А вот описание ездового чудовища Короля-Чародея: «… испуская нестерпимый смрад (кстати, тоже параллель с Вендиго. — С.А.), снижалось страшное крылатое чудище — если и птица, то самая большая на земле… Должно быть, эта тварь принадлежала миру давно исчезнувшему, но пережила своё время в забытом углу холодеющих под луною дальних гор; в последнем жутком гнезде среди недоступных вершин вывела она последнее безвременное потомство».

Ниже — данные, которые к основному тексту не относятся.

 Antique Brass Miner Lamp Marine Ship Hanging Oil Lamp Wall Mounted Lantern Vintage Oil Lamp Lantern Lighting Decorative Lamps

Итак, можно предположить, что Блэквуд произвёл на Толкина довольно глубокое впечатление, но его тексты явно не принадлежали к тем, которые Толкину захотелось бы перечитывать. Впечатление было давним, что как будто явствует и из утверждений самого Толкина в 1967 г. о чтении книг Блэквуда «много лет назад». Цитирование если и имело место, то по глубокой памяти, а в большинстве случаев скорее бессознательно.

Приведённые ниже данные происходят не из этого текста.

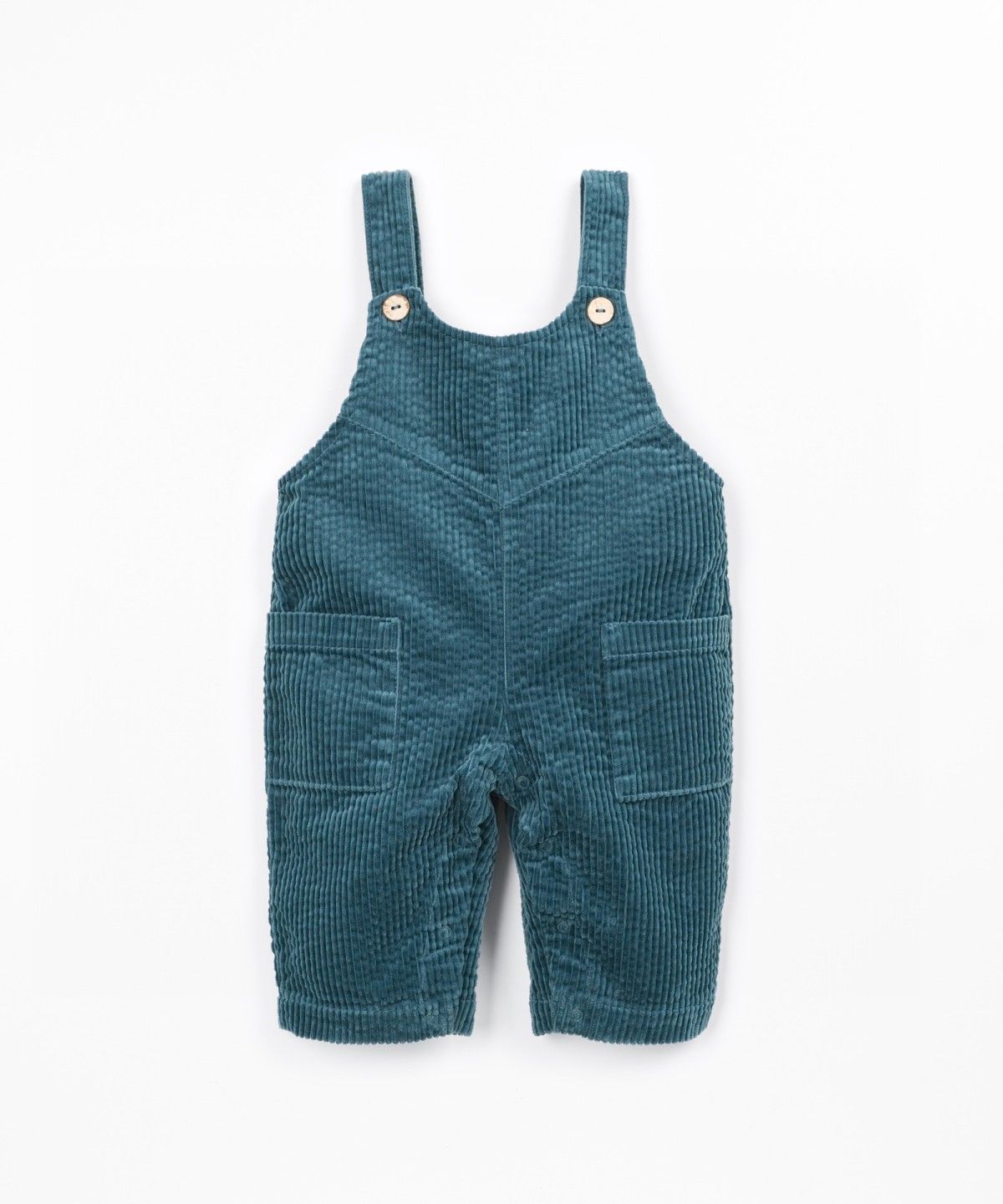 Corduroy jumpsuit with side pockets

Наверное, восприятие Толкином декадентского мистицизма в литературе лучше всего иллюстрируется его отношением к другому старшему современнику — Уолтеру де ла Мару, автору многочисленных сказок и страшных историй (причём грань иногда провести очень трудно). Нельзя, кстати, сказать, что Толкин не любил саму подобную смесь — к не менее «страшным» сказкам Саки (Г. Мунро) он относился, кажется, безо всякой аллергии. Де ла Мара Толкин немного знал лично и относился к нему с неприязнью. Её он разделял с Льюисом. У последнего был с де ла Маром конфликт, который безуспешно пытался урегулировать Барфилд. Спустя более чем десять лет после этого, в год смерти де ла Мара (1956), Толкин решительно отвергал в одном из писем сравнение с ним: «Не думаю, что Уолтер де ла Map бродил по моему краю, что бы Вы ни имели в виду — чтение ли им моих работ при жизни, пребывание ли в сходном мире, или и то и другое. Я только однажды встречался с ним, много лет назад, и нам мало что было сказать; но насколько простирается моё ощущение и понимание его работ, догадываюсь, что пребывал он в намного более тёмном и намного более безнадёжном мире — в мире, который меня, во всяком случае, до глубины тревожит».